Often-times stakeholders don't want a black-box model that's good at predicting; they want insights about features to have a better understanding about their business, and so they can explain it to others.
When we inspect the feature importance of an xgboost or sklearn gradient boosting model, we can determine the feature importance... but we don't understand WHY the features are important, do we?
Is there a way to explain not only what features are important but also WHY they're important?
I was told to use shap but running even some of the boilerplate examples throws errors so I'm looking for alternatives (or even just a procedural way to inspect trees and glean insights I can take away other than a plot_importance() plot).

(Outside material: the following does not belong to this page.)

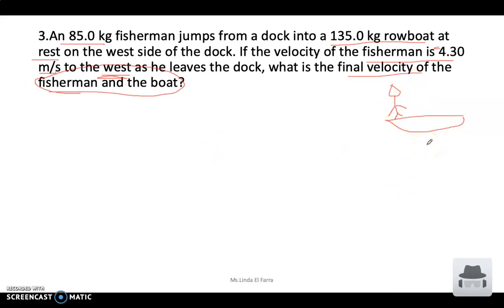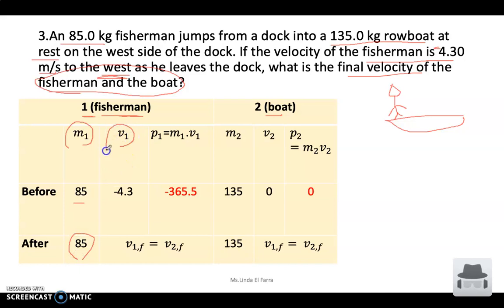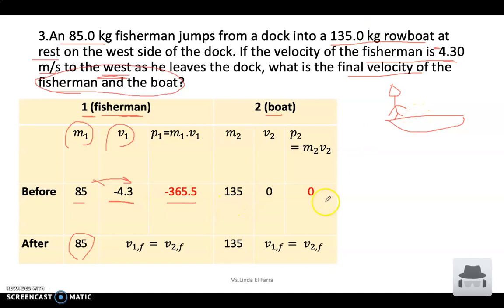As usual, we'll draw our table. First object is the fisherman, second object is the boat. The fisherman's mass is 85 kg — before and after, same mass. His velocity when he jumps is negative 4.3, to the west toward the boat. I'll write the momentum in red because I'll use this number later. The boat's mass is 135 kg; it was stationary, so velocity is zero, and momentum is zero.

In the example below, how does one go about explaining WHY feature f19 is the most important (while also realizing that decision trees are random without a random_state or seed).

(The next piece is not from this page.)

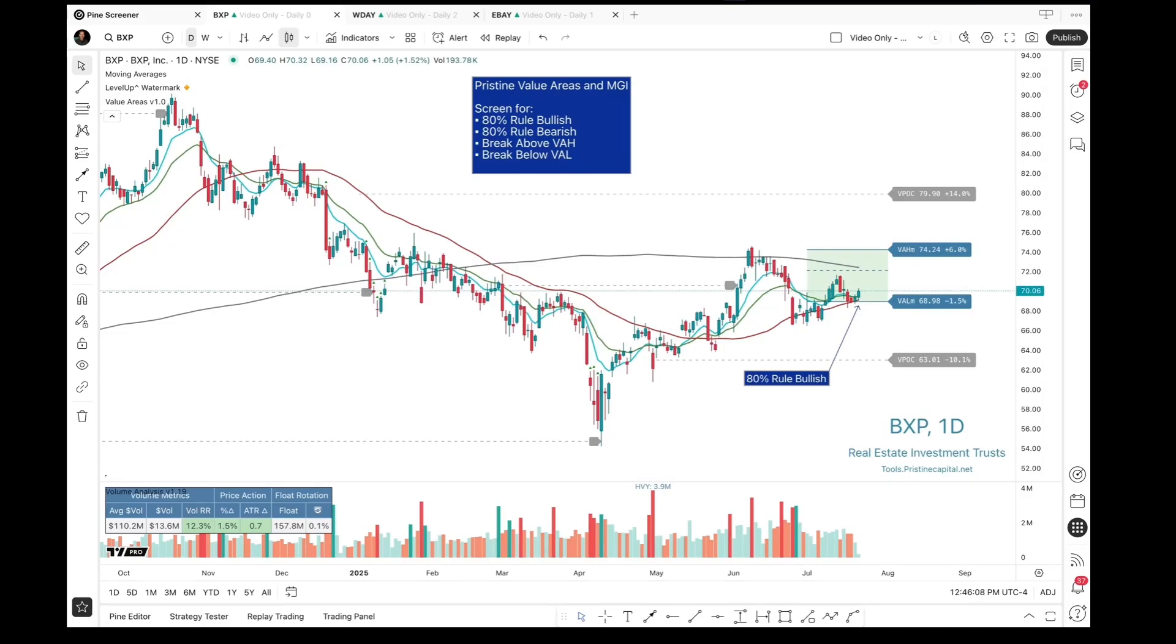Hey everyone, this is John. In this short video, I will walk through how to use the TradingView Pine Screener to scan for stocks using the Pristine Value Area Indicator.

from xgboost import XGBClassifier, plot_importance
from sklearn.datasets import make_classification
import matplotlib.pyplot as plt
X,y = make_classification(random_state=68)
xgb = XGBClassifier()
xgb.fit(X, y)
plot_importance(xgb)
plt.show()
Update:
What I'm looking for is a programmatic procedural proof that the features chosen by the model above contribute either positively or negatively to the predictive power. I want to see code (not theory) of how you would go about inspecting the actual model and determining each feature's positive or negative contribution. Currently, I maintain that it's not possible so somebody please prove me wrong. I'd love to be wrong!
I also understand that decision trees are non-parametric and have no coefficients. Still, is there a way to see if a feature contributes positively (one unit of this feature increases y) or negatively (one unit of this feature decreases y).
Update2:
Despite a thumbs down on this question, and several "close" votes, it seems this question isn't so crazy after all. Partial dependence plots might be the answer.
Partial Dependence Plots (PDP) were introduced by Friedman (2001) with
purpose of interpreting complex Machine Learning algorithms.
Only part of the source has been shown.